***** Data to use *****
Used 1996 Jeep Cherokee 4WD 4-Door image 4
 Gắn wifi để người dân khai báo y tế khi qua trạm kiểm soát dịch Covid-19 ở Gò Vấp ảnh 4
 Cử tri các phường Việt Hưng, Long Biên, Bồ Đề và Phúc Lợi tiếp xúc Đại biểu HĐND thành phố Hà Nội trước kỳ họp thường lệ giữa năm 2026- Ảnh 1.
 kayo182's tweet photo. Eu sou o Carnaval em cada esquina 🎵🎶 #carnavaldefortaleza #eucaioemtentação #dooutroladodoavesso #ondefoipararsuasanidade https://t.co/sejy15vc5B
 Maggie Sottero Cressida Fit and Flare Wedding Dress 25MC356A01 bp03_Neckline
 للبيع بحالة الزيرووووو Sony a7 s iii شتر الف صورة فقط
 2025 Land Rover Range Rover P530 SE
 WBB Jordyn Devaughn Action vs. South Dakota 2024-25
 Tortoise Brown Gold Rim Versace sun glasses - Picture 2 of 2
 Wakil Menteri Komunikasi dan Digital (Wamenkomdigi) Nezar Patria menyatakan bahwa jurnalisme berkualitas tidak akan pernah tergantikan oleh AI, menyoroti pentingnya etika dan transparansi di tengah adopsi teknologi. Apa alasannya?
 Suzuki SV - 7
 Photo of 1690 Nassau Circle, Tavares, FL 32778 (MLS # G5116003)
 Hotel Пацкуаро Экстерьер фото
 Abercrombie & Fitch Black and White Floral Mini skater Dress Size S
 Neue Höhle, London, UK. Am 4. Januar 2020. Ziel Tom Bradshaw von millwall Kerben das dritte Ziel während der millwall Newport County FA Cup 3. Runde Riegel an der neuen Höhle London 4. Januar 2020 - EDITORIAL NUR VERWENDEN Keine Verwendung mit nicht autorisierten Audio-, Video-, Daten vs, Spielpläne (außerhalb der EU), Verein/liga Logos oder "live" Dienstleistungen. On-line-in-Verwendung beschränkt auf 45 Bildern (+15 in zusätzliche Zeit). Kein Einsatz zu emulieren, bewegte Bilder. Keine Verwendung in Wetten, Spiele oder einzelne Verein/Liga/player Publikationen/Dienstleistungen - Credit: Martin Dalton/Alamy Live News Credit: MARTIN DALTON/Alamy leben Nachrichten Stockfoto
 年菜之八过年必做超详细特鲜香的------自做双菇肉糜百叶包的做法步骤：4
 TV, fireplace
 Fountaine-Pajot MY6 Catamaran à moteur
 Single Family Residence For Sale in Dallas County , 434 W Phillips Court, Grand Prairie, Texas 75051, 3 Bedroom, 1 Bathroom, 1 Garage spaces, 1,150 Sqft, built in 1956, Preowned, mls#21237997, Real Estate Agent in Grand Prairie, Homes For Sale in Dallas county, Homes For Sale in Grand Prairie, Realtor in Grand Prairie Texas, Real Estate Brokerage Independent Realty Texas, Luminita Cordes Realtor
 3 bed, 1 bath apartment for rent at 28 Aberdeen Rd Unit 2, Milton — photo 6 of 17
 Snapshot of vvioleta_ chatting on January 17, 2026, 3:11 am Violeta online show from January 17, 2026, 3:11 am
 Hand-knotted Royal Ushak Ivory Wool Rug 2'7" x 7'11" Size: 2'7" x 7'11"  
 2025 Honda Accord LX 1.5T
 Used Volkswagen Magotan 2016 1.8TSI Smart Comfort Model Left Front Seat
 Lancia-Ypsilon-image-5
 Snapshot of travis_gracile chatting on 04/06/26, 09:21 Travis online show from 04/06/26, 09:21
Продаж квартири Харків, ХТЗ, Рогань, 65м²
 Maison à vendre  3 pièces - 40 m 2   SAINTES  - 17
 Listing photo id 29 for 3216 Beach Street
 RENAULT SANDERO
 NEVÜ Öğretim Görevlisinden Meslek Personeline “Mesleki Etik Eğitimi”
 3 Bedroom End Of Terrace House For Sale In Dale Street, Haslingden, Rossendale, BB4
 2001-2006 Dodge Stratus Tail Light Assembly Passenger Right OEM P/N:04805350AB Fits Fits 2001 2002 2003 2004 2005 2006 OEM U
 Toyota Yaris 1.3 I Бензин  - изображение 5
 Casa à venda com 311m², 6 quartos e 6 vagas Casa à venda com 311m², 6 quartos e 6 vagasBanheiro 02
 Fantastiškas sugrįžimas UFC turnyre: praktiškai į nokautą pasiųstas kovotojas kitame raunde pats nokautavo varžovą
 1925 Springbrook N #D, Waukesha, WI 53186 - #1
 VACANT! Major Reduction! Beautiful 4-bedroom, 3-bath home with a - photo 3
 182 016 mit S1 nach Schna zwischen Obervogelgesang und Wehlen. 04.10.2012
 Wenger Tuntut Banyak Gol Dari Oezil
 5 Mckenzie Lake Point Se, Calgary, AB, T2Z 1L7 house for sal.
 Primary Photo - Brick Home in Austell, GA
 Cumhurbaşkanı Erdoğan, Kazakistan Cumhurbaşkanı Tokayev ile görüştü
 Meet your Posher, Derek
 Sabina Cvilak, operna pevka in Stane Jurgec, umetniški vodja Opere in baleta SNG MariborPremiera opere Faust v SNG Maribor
*****
Work instruction. Copy exactly the lines above, from the one containing "VACANT! Major Reduction!" through the very last line.

Answer.
 VACANT! Major Reduction! Beautiful 4-bedroom, 3-bath home with a - photo 3
 182 016 mit S1 nach Schna zwischen Obervogelgesang und Wehlen. 04.10.2012
 Wenger Tuntut Banyak Gol Dari Oezil
 5 Mckenzie Lake Point Se, Calgary, AB, T2Z 1L7 house for sal.
 Primary Photo - Brick Home in Austell, GA
 Cumhurbaşkanı Erdoğan, Kazakistan Cumhurbaşkanı Tokayev ile görüştü
 Meet your Posher, Derek
 Sabina Cvilak, operna pevka in Stane Jurgec, umetniški vodja Opere in baleta SNG MariborPremiera opere Faust v SNG Maribor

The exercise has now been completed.